Though Still a Grave Threat, Maoists are a Fighting a Losing Battle

Amulya Ganguli

Though Still a Grave Threat, Maoists are a Fighting a Losing Battle

As the death of 22 security personnel in a gun battle with the Maoists in Chhattisgarh shows, Left extremism continues to remain a major threat, as former prime minister Manmohan Singh once said. Although there have been ups and downs in the nature of the danger – Maoist violence had been restricted to 60 districts of eight states in 2018 against its prevalence in 76 districts of 10 states in 2013 – the latest incident showed that the militants have managed to survive in their jungle hideouts with enough capacity to be a menacing, if shadowy, presence.

 The fact that they used light machine guns and AK-47s not only indicated their preparedness to fight for a long time – the encounter lasted for five hours – but also that they had a substantial armoury. Moreover, their tactical one-upmanship was evident from the trick of having earlier evacuated some of the nearby villages so that when the security forces took their injured personel to the huts, they were fired on by the Maoists stationed there.

The firefight followed the entry of the paramilitary Central Reserve Police Force (CRPF) into the area in search of the Maoist commander, Madvi Hidma, who is believed to be the mastermind of several offensives including the wiping out of nearly the entire top Congress leadership of the region in 2013 and also the  attack against a CRPF convoy in 2010 in which 76 policemen were killed and an ambush in 2017 in which 24 CRPF personnel were killed.

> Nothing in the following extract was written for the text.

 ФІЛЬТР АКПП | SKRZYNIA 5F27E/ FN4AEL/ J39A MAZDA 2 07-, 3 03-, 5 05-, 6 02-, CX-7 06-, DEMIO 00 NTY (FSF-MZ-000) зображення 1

A local who has variously been described as a tribal or a Dalit, suggesting a confusion about his background, HIdma is an archetypal Maoist insurgent who has risen through the ranks of the rebels from humble beginnings to be a leader who carries a reward of Rs 40 lakh on his head. Although the average Maoist leader is generally a middle class Hindu like Hidma’s predecessor, the late Ravula Srinivas, who carried a reward of more than Rs one crore on his head, the Maoists have always envisaged the impoverished subalterns as the foot soldiers of their insurrection on the lines of Mao Zedong’s peasant revolution based in villages. (The classical Marxism of Lenin is town- and industry-centric).

Before Hidma, there was Jangal Santhal in West Bengal’s Naxalbari, the area from where the Maoists, also known as Naxals, derive their name. Santhal was a tribal and one of the three major leaders of the movement when it began in the mid-1960s. The other two were Charu Mazumdar and Kanu Sanyal, who were middle class Bengalis. It was from that small town in the foothills of the Himalayas that Naxalism/Maoism spread like a prairie fire”, as Radio Beijing called it.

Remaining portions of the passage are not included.